I hear this bit of feedback more and more from my clients in the job market: employers are simply delinquent in getting back to candidates hungry for some closure. Candidates who have been asked to interview for up to seven rounds of discussions are getting left in the dark and feeling ignored, abandoned and disrespected. For candidates presently out of work and looking, this reality can be infuriating and even demeaning; candidates who have jobs but are looking to make a switch feel the pinch less so but are still annoyed. If this is you, below are four ideas to help you obtain critical information from employers and recruiters who just don’t think to give you the time of day.

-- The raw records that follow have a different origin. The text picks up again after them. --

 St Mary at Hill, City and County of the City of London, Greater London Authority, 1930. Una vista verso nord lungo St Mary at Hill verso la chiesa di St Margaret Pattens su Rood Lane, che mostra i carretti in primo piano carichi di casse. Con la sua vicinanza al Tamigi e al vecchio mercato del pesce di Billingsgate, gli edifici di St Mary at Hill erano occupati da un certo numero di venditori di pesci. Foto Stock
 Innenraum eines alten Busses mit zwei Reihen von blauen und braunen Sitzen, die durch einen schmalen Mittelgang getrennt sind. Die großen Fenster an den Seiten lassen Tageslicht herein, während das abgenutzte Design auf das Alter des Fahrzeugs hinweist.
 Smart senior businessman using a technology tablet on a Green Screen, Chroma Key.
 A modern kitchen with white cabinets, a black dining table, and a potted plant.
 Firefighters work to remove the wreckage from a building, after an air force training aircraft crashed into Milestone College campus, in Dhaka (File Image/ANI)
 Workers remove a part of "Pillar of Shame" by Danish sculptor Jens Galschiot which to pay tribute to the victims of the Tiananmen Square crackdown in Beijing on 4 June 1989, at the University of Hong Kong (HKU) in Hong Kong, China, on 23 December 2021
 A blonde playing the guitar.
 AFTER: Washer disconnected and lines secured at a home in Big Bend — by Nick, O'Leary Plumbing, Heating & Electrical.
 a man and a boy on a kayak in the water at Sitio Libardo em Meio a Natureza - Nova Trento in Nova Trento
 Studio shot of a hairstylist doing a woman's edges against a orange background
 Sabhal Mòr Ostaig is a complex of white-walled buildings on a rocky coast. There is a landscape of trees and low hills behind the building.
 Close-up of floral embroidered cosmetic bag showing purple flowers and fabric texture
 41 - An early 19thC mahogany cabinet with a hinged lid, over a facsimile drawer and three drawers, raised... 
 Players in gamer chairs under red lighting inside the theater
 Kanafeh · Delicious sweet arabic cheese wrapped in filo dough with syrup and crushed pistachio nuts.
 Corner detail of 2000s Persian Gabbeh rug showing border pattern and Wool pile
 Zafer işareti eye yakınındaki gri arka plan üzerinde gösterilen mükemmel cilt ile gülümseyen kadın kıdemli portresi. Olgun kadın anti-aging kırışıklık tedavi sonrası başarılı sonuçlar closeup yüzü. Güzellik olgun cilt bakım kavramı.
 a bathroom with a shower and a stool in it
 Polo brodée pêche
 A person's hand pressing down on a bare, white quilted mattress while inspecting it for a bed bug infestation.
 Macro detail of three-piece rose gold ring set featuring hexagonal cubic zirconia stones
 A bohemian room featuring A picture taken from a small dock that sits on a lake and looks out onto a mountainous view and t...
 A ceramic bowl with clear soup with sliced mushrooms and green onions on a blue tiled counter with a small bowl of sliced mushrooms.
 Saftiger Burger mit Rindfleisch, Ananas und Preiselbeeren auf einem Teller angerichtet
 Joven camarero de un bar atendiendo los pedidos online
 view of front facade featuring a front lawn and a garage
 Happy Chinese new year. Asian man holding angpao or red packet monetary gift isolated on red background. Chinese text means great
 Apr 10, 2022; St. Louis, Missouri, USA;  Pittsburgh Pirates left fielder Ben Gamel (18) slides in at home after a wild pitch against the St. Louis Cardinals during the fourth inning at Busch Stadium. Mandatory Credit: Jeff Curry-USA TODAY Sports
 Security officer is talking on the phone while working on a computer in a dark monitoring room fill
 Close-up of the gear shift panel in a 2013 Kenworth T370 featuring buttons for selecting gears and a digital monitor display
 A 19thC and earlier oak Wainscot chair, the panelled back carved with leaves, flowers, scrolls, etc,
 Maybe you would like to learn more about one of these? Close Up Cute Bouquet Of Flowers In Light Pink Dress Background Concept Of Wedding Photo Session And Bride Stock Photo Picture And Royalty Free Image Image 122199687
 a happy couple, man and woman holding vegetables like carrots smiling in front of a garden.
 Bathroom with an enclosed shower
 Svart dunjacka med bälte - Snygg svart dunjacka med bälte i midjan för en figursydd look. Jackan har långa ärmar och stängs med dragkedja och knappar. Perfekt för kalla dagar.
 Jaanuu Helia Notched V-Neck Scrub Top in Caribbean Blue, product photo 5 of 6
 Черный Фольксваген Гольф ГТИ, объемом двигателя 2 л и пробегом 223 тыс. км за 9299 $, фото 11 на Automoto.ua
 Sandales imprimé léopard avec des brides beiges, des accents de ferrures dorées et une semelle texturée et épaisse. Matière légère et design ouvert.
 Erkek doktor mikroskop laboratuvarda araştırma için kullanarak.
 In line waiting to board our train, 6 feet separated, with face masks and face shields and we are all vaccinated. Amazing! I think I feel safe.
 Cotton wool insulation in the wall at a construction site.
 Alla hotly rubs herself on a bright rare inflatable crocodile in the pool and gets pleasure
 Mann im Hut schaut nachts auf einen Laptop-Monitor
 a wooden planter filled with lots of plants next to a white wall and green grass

Send email follow-up notes
Resist the temptation to send multiple emails asking for status updates. Send an email message once every 10-12 days. Be respectful, courteous and professional in your message. The last thing you want to do is knock yourself out of consideration by being a pest. No answer and waiting are better than an unequivocal no.
Ask to meet for coffee
In lieu of a follow-up email campaign, perhaps asking the hiring manager or recruiter to a “coffee catch-up” might be a good idea. It sends the message that you want an answer without speaking it, and coffee is a very non-confrontational way to humanize the process a bit. Use this approach if you have a particularly closer connection to the recruiter or hiring manager.
Network with an insider
Leverage your network to gain access to someone at the company who can give you some perspective. Usually, hiring decisions can get pushed back simply because the decision-makers are tied up on other pressing projects. It does not mean you are not a good candidate and won’t get an offer — it just means that the team hasn’t gotten around to making a final call. An insider can confirm this suspicion and get you to calm down.
Send a hand-written note
Yes, mail a hand-written note. If your handwriting is a disaster, just make sure it’s legible and not a total embarrassment. A handwritten note can be a touch of class that you need to spur some action, and it won’t hurt you. It’s a way to ensure getting someone’s attention outside of being another blip on his or her inbox.
Patience is a virtue here, but it is disturbing that companies are not demonstrating the kind of decency in the recruiting process that candidates are expected to follow (e.g. how not sending a thank you note can mean not being considered any longer for the role). Unfortunately, this reality may be the new rule of the game, so try these tactics to see if it helps get you some answers.